Ballad of Heroes is early Britten: an occasional work from 1939, written in memory of Republican fighters in the still recent Spanish Civil War. This three-part setting of WH Auden and Randall Swingler is, truth to tell, content mainly to settle for rather obvious, uninspired solutions.

The Crouch Enders brought solid preparation and generally good attack to their performance, though the fast patter of the middle section, "Scherzo: Dance of Death", somewhat taxed them. James Oxley offered an affecting lyric tenor voice in a rather unrewarding role.

James MacMillan's Cantos Sagrados, combining poems concerning political repression in Latin America with liturgical texts in Latin, is surely among the best products of his first flood of inspiration. It is characteristically raw and derivative in places, but also occasionally ravishing, and it has an integrity sometimes lacking in its composer's more recent output.
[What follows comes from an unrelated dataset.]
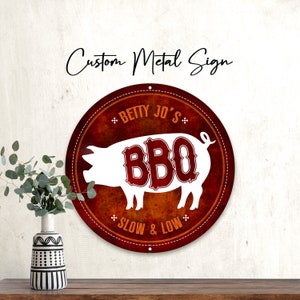 CUSTOM BBQ Metal Sign, for Patio, Grill, Barbeque, Dad, Father, Deck, Personalized Gift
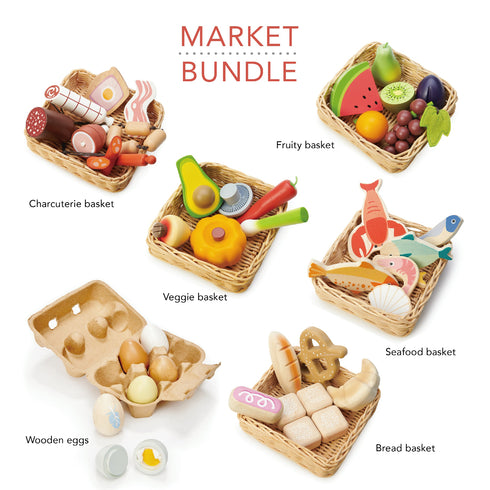 Wooden food basket bundle with 5 wicker baskets (fruit, veg, bread, seafood, charcuterie) and wooden egg set.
Temple shaped it well, and choir and orchestra realised it with real commitment.

The incessant repetitions and grand choral and orchestral effects of Philip Glass's Itaipu, his homage to the world's largest hydro-electric dam (Latin America again), didn't seem as impressive to me as when this choir did the piece four years ago, and the Aurelian strings looked to be having a tortuous time, though in general the orchestra played well. But the razzmatazz of the third movement's bouncy rhythms and Latin percussion, and its cumulative energy, eventually persuaded me.

I wish the Crouch Enders would one day tackle the "Rome Section" of Glass's the CIVIL warS, an even more powerful example of its composer's uncanny way with epic choral writing.